> _PROBLEM STATEMENT_:
Each line of the data below should be restated exactly, with images left out.

(Stored entries)
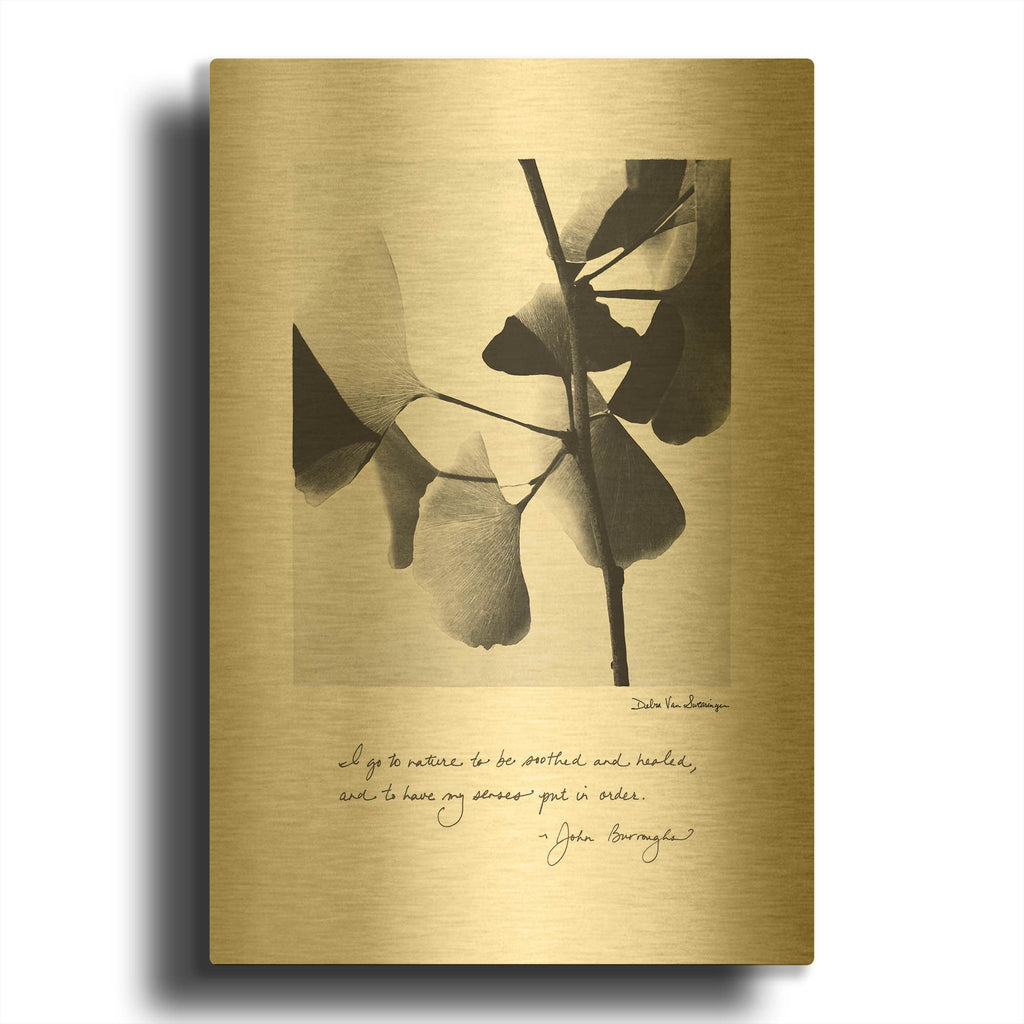 'Delicate Ginkgo v2' By Debra Van Swearingen Gold Metal Wall Art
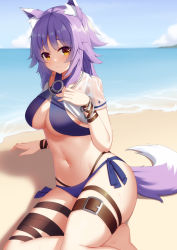 Rule 34 | 1girl, 3:, absurdres, animal ears, arm support, beach, bikini, blue sky, blurry, breasts, brown eyes, cleavage, cloud, cloudy sky, commentary request, depth of field, eyes visible through hair, highres, horizon, kirisame koiiro, large breasts, long hair, looking at viewer, makoto (princess connect!), makoto (summer) (princess connect!), midriff, navel, ocean, princess connect!, purple bikini, purple hair, sidelocks, sitting, sky, solo, swimsuit, tail, wolf ears, wolf girl, wolf tail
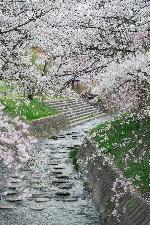 花川親水公園（縦版）
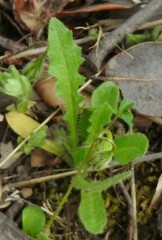 Leontodon longirostris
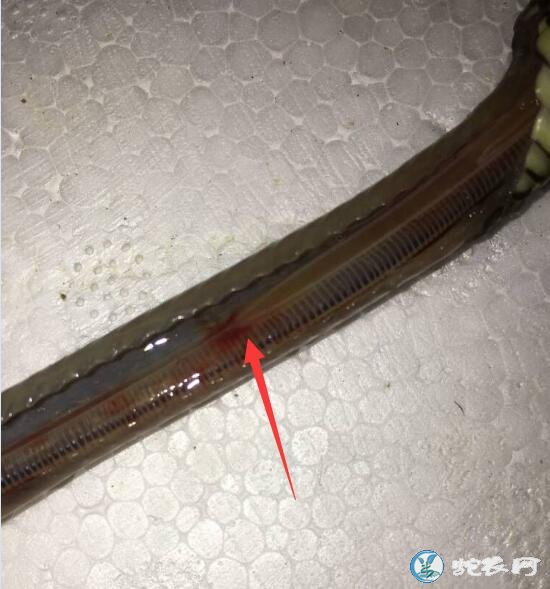 图说养蛇:一列蛇口腔炎、肺炎解剖图病列分析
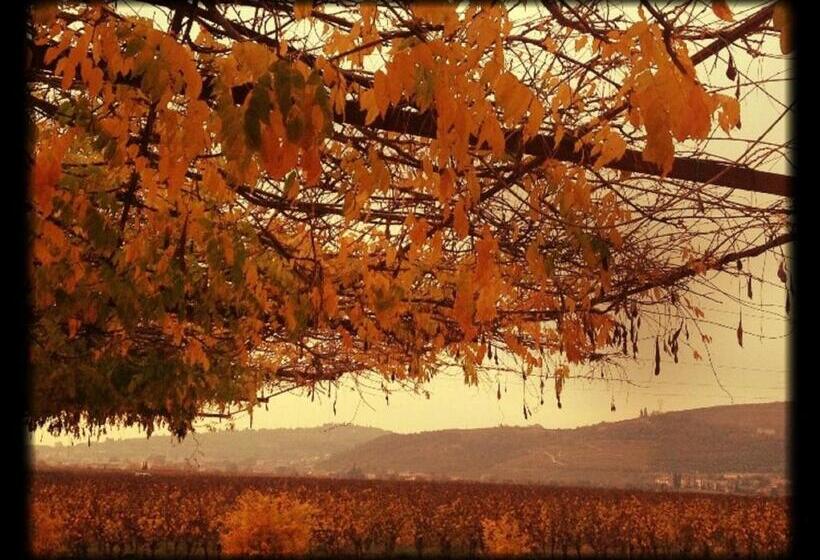 בית מלון כפרי Dimora Buglioni Wine Relais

> _ANSWER TO THE EXERCISE_:
 'Delicate Ginkgo v2' By Debra Van Swearingen Gold Metal Wall Art
 Rule 34 | 1girl, 3:, absurdres, animal ears, arm support, beach, bikini, blue sky, blurry, breasts, brown eyes, cleavage, cloud, cloudy sky, commentary request, depth of field, eyes visible through hair, highres, horizon, kirisame koiiro, large breasts, long hair, looking at viewer, makoto (princess connect!), makoto (summer) (princess connect!), midriff, navel, ocean, princess connect!, purple bikini, purple hair, sidelocks, sitting, sky, solo, swimsuit, tail, wolf ears, wolf girl, wolf tail
 花川親水公園（縦版）
 Leontodon longirostris
 图说养蛇:一列蛇口腔炎、肺炎解剖图病列分析
 בית מלון כפרי Dimora Buglioni Wine Relais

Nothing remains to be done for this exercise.